## WORKING DATA:
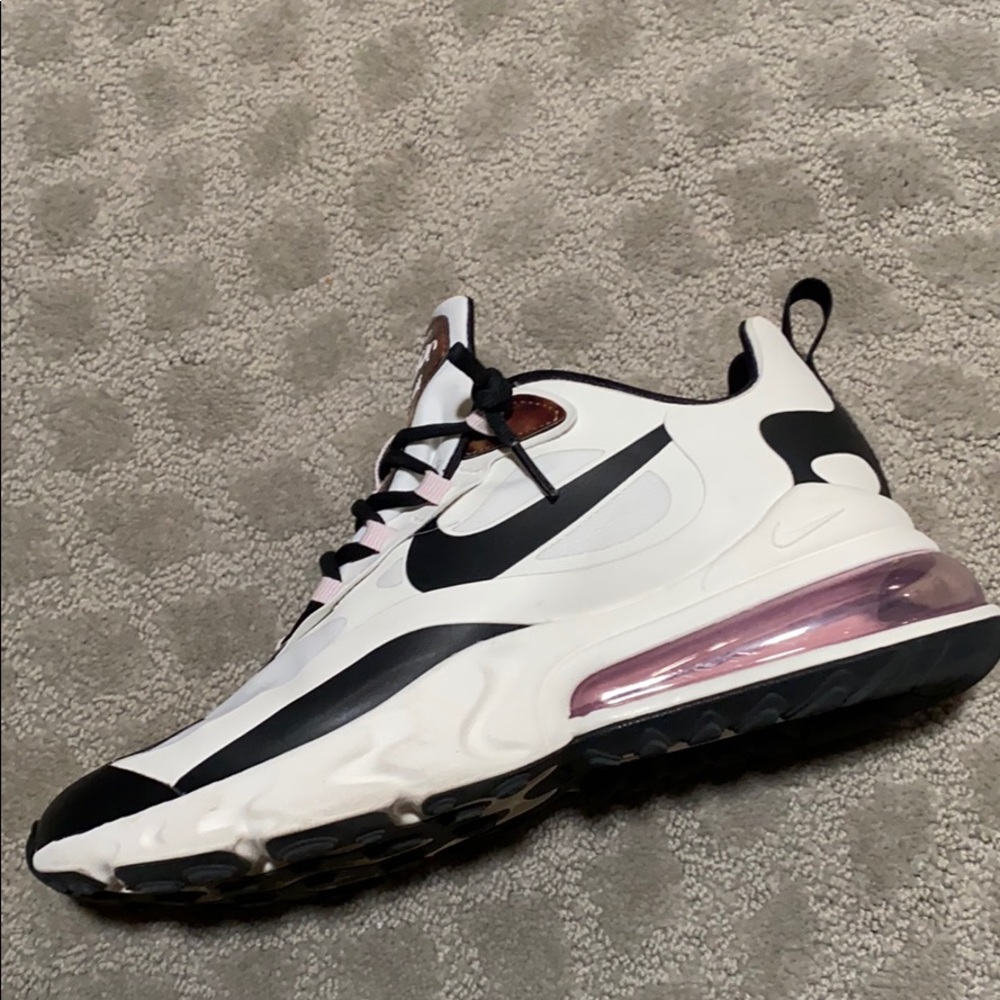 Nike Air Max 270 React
--
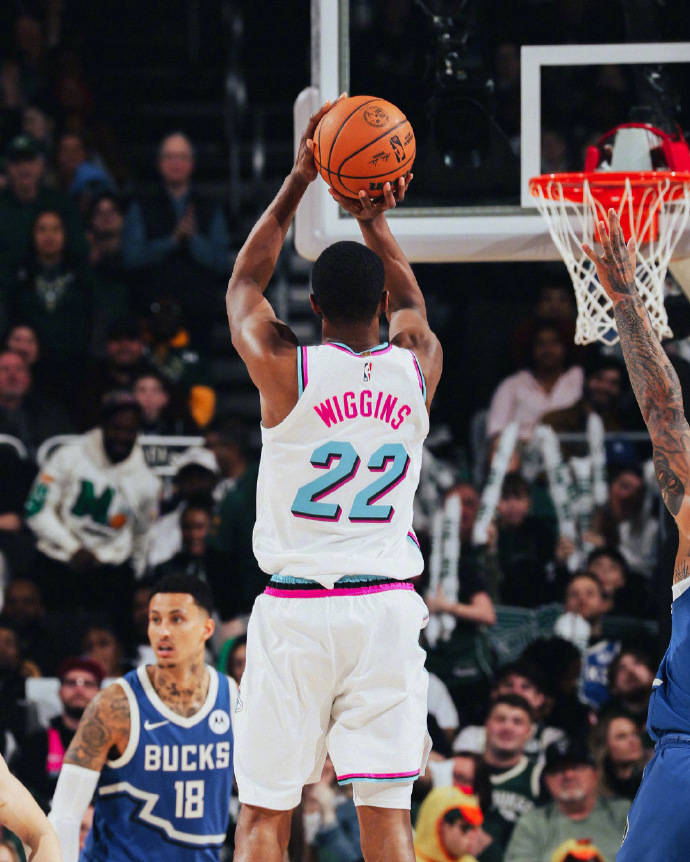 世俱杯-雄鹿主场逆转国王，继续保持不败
* * *
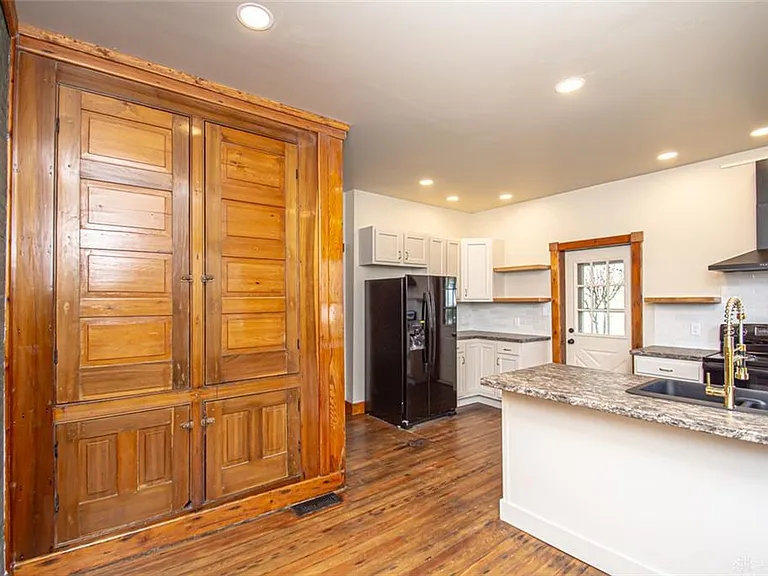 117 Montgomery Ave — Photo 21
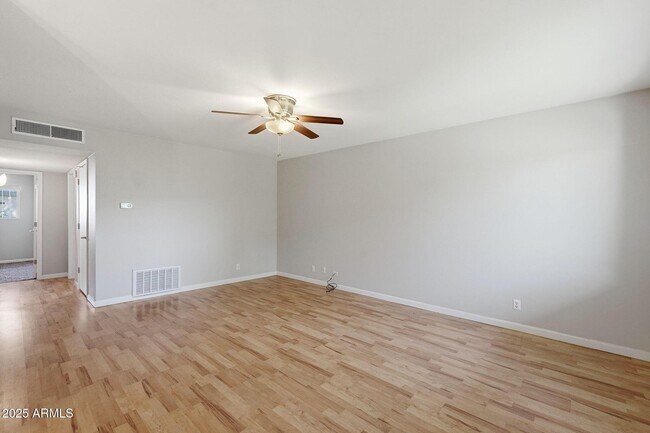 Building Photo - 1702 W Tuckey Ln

## TO DO:
With the pictures removed from your copy, retype the lines above from the one that contains "117 Montgomery Ave — Photo 21" through the one that contains "Building Photo - 1702 W Tuckey Ln", exactly.

## YOUR RESPONSE:
 117 Montgomery Ave — Photo 21
 Building Photo - 1702 W Tuckey Ln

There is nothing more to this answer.